**THE TASK**
What is wanted is every line below from the one with "Men's Solid Zip" up to and including the one with "Flowers and presents", retyped exactly, pictures excluded, nothing else.

**SOURCE MATERIAL**
/---

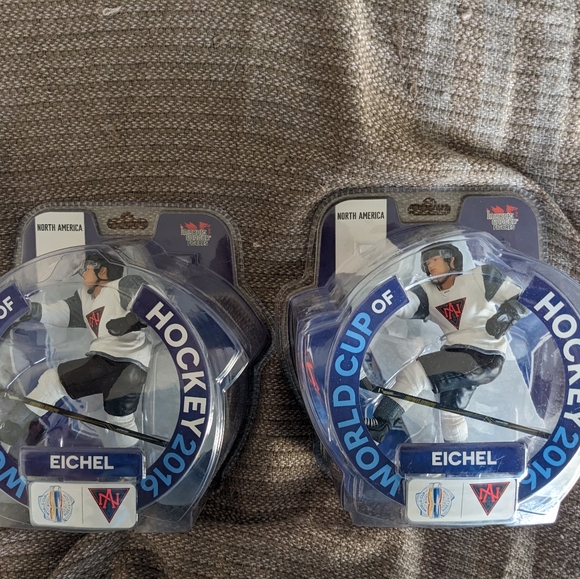 2 NHL Dragon Import World Cup of Hockey Jack Eichel figures nib - Picture 1 of 2
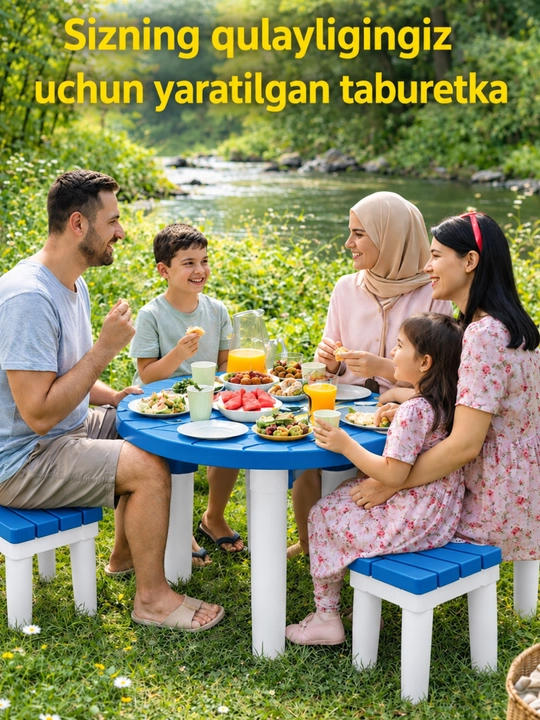 Kuchli plastik taburet, 100 kg gacha yuk ko‘taradi, bolalar va kattalar uchun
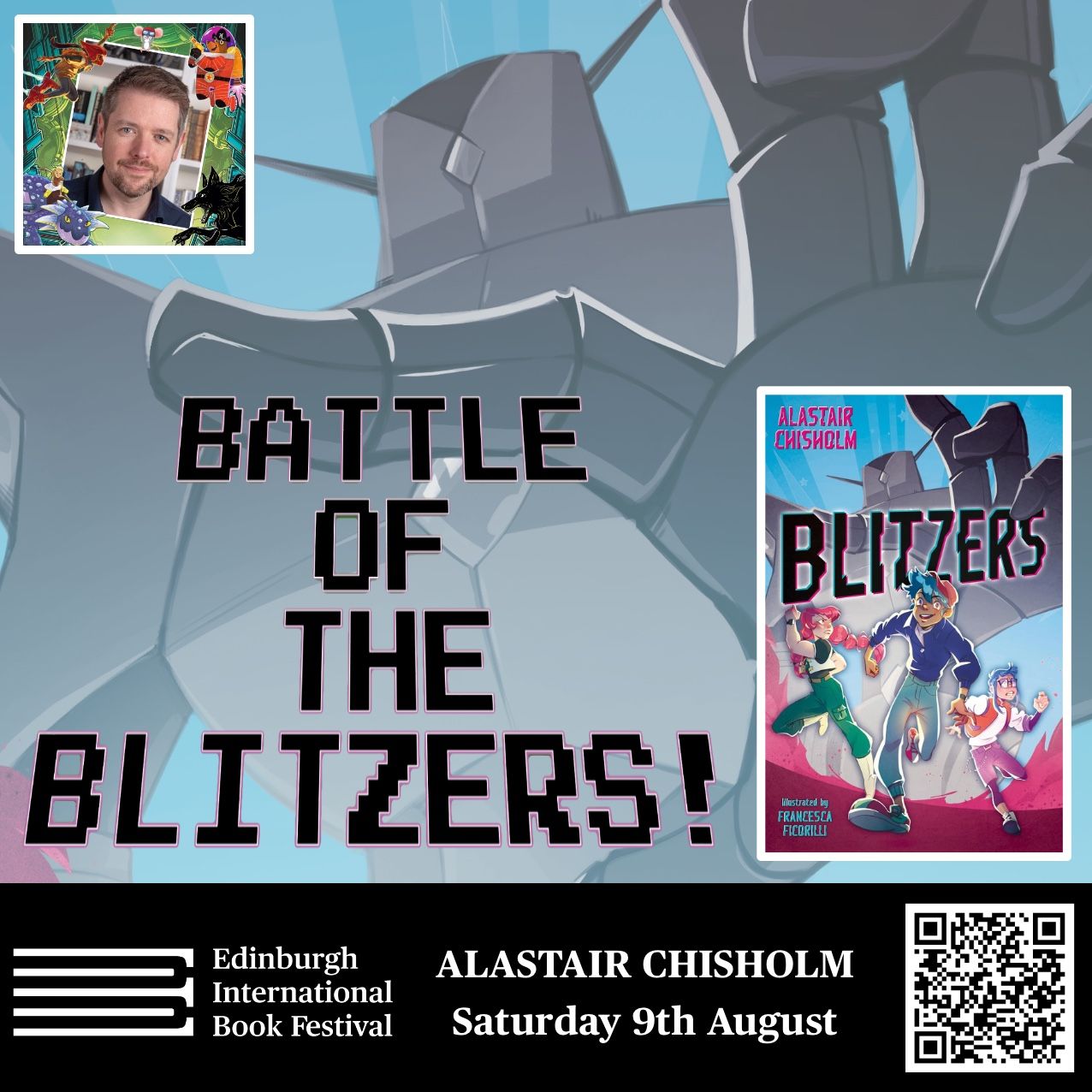 Poster for an Edinburgh Book Festival event featuring my new book Blitzers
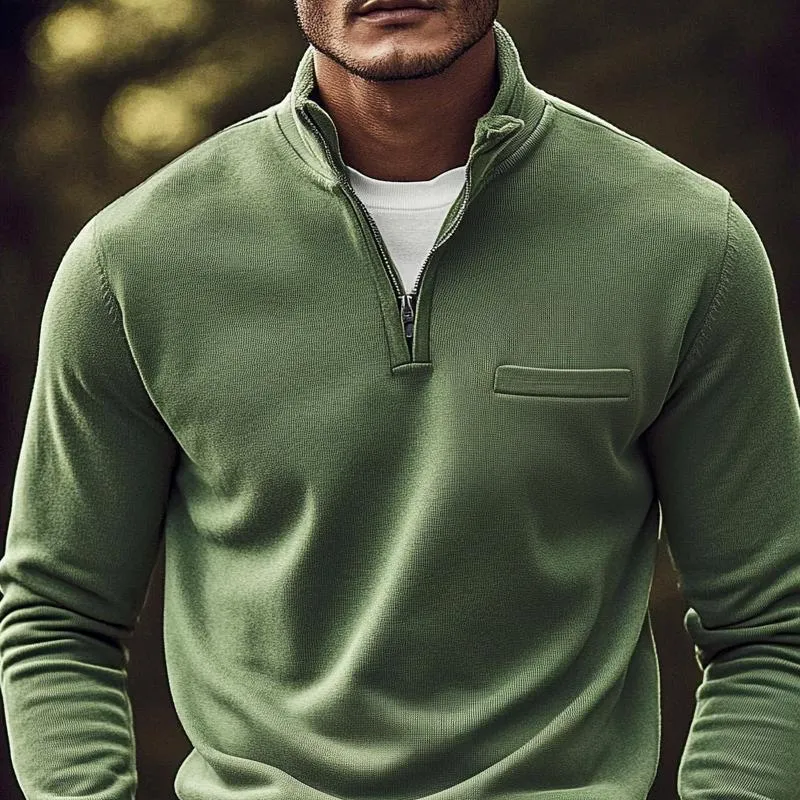 Men's Solid Zip Stand Collar Chest Pocket Long Sleeve Casual Sweatshirt 86236080Z sold by Manly product image thumbnail 3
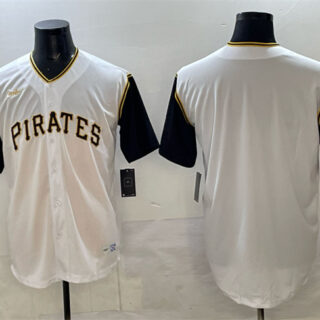 Men's Pittsburgh Pirates Blank White Cool Base Stitched Jersey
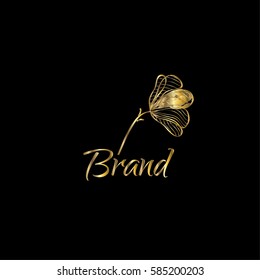Flowers and presents vector logo design template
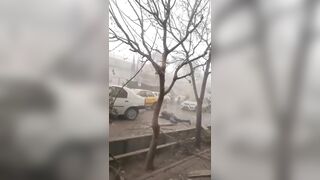 A helpless mother is walking down a street in Tehran when she experiences two stages of ruthless enemy fighter attacks up close!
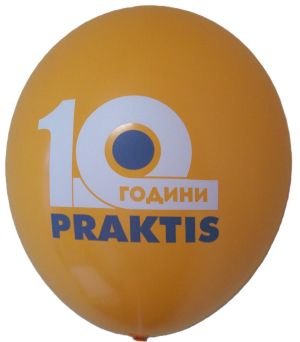 Branding balloons with a two-color logo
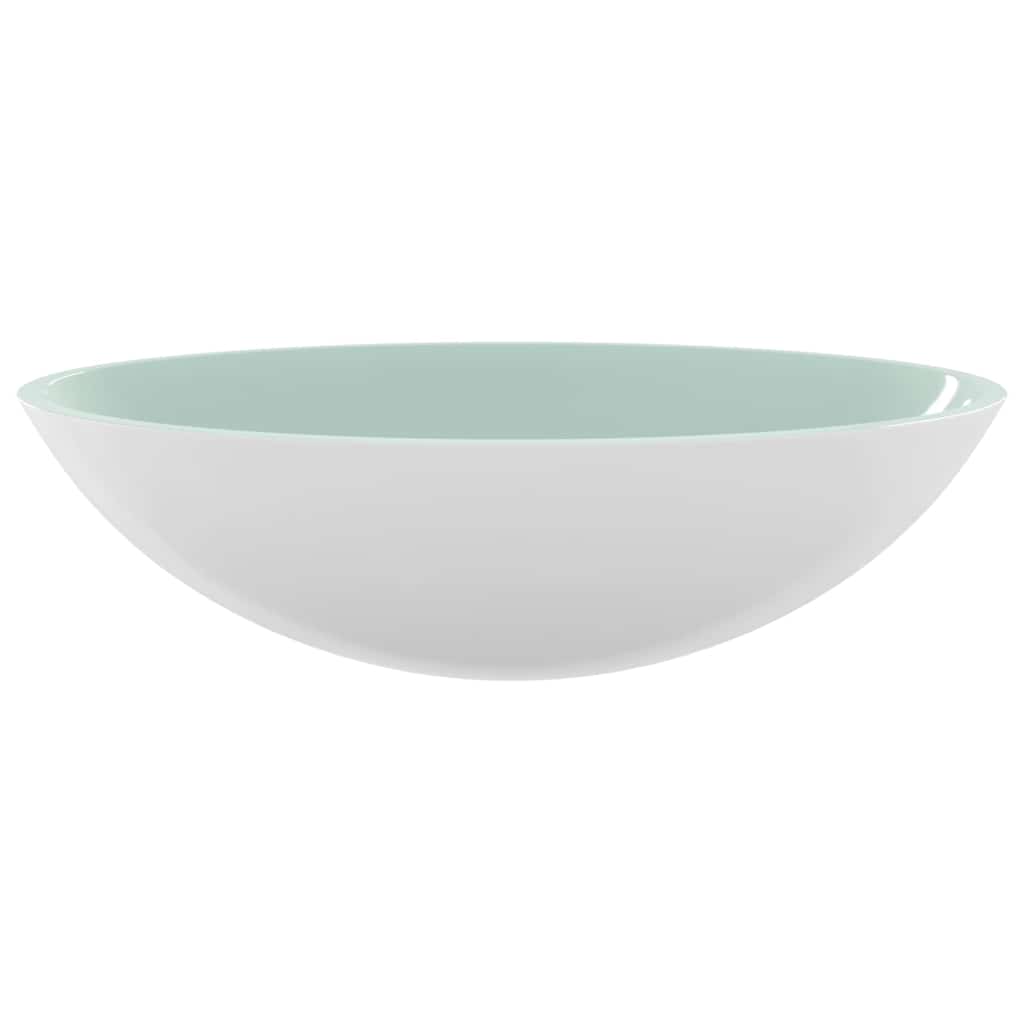 vidaXL Basin Glass 50x37x14 cm White 3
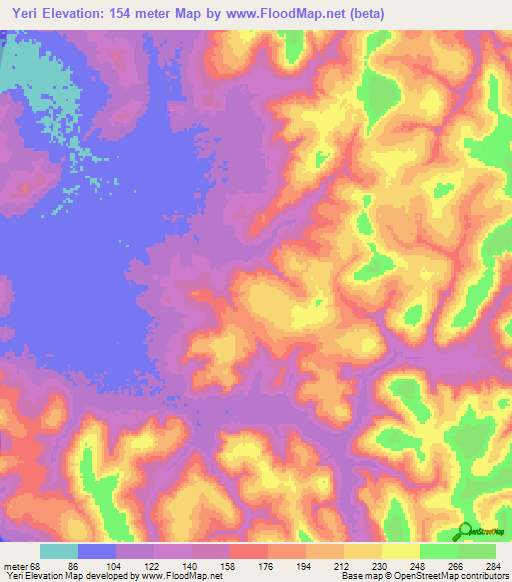 Yeri,Guinea Elevation Map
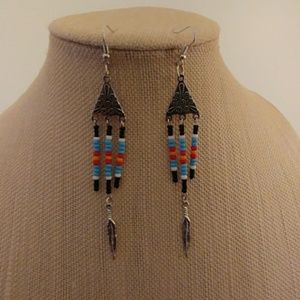 Indian Feather & Beaded Dangle Earrings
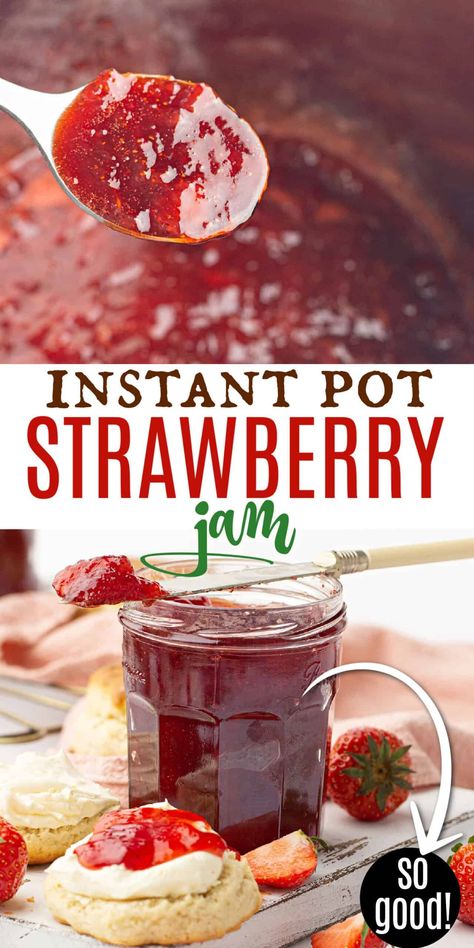 Four-ingredient Instant Pot Strawberry Jam is unbelievably easy! Bursting with sweet strawberry flavor, this homemade jam takes less than 30 minutes to make. Easy Strawberry Jam Recipe, Easy Strawberry Jam, Recipe Instant Pot, Strawberry Jam Recipe, Homemade Strawberry Jam, Strawberry Flavor, Jam Recipe, Funny Story, Easy Strawberry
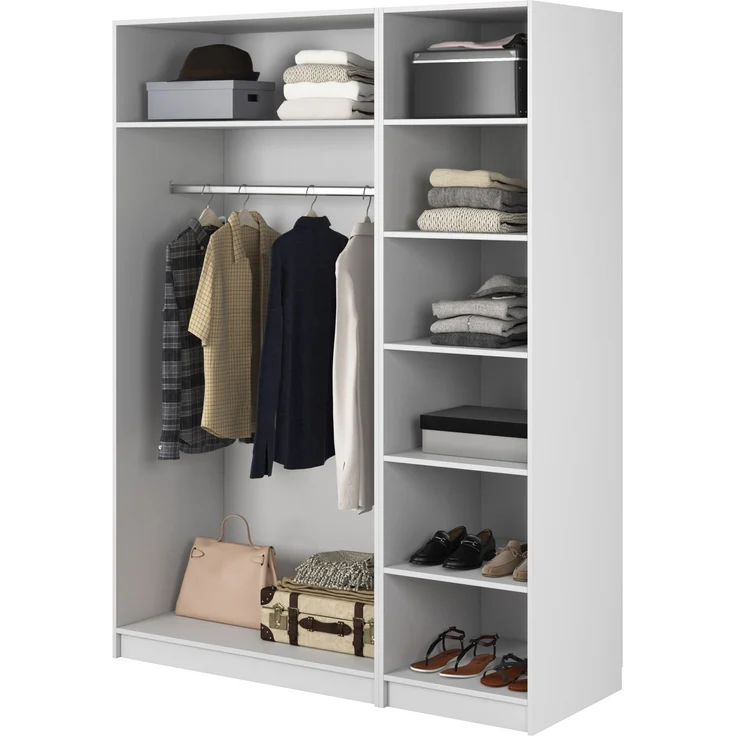 Selsey 'Moonir' Kleiderschrank 3-türig mit langer Kleiderstange und Regalen, weiß 200 x 150 x 57 cm – Bild 4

\---

**ANSWER SPACE**
 Men's Solid Zip Stand Collar Chest Pocket Long Sleeve Casual Sweatshirt 86236080Z sold by Manly product image thumbnail 3
 Men's Pittsburgh Pirates Blank White Cool Base Stitched Jersey
Flowers and presents vector logo design template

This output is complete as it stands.